Palopoli, MFD, P.; Wu, C. I.,  Genetics,  136:209-215. 1994.

Segregation Distorter (SD) is a naturally occurring system of meiotic drive in Drosophila melanogaster. Males heterozygous for an SD second chromosome and a normal homolog (SD+) transmit predominantly SD-bearing sperm. To accomplish this, the Segregation distorter (Sd) locus induces the dysfunction of those spermatids that receive the SD+ chromosome. Recently, P. A. Powers and B. Ganetzky isolated overlapping DNA clones spanning the region of DNA known to contain the Sd gene and identified a 5-kb tandem duplication that is present on all SD chromosomes examined, but is apparently absent from wild-type chromosomes. Here we report a molecular analysis of two spontaneous revertants from an Australian SD chromosome (SD-Arm28). Both of these revertants have lost the 5-kb tandem duplication along with the ability to distort transmission; the critical observation, however, is that they retain the DNA haplotype in the flanking regions (both proximally and distally) that is characteristic of the original SD-Arm28. We propose unequal sister chromatid exchange between the tandem repeats as the only plausible explanation for loss of a repeat while retaining flanking markers.
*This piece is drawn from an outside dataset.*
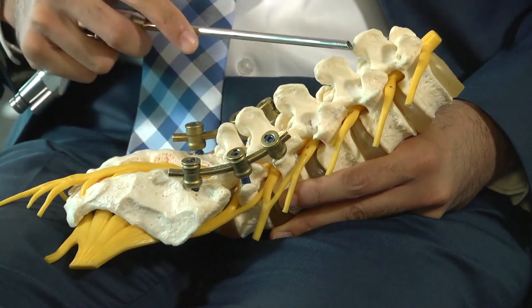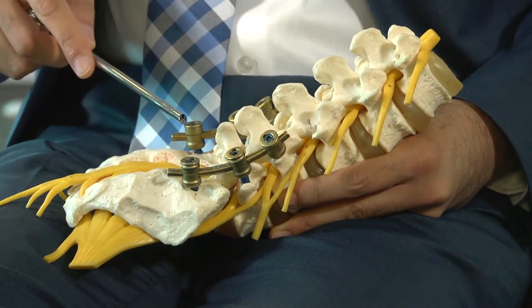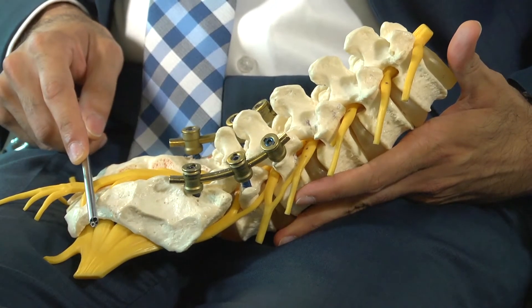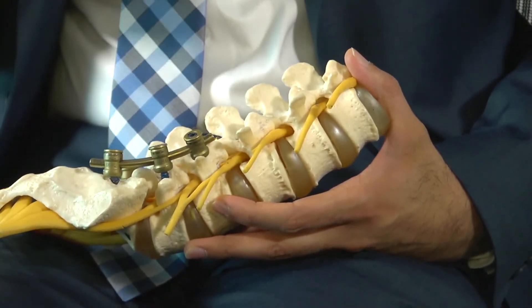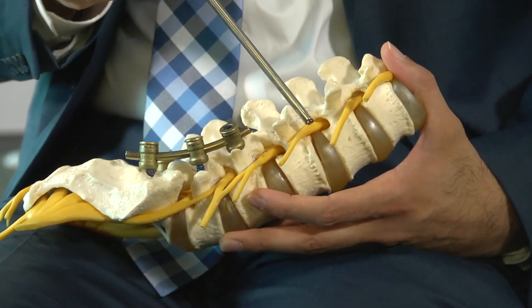To demonstrate endoscopic spine surgery, I'm going to show this on this model right here. On this model, we have a portion of what we call the lumbar spine, which is the lowest part of our spine. In endoscopic surgery, what we're essentially doing is putting a camera in the spine to treat a problem where there's compression on the nerve.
This provides direct evidence that the tandem duplication is indeed necessary for the Sd phenotype. Further, we examined testes-specific levels of both RNA and protein for the nearby Topoisomerase 2 gene. Neither revealed a consistent difference between SD and SD+ strains. We also measured testes-specific levels of RNA using the tandem duplication itself as probe. Our results suggest that there is strong up-regulation of one or several 2.0-2.3-kb transcripts from the duplicated region in the testes of an SD strain. Whether it is this overexpression of transcripts that causes segregation distortion remains to be investigated.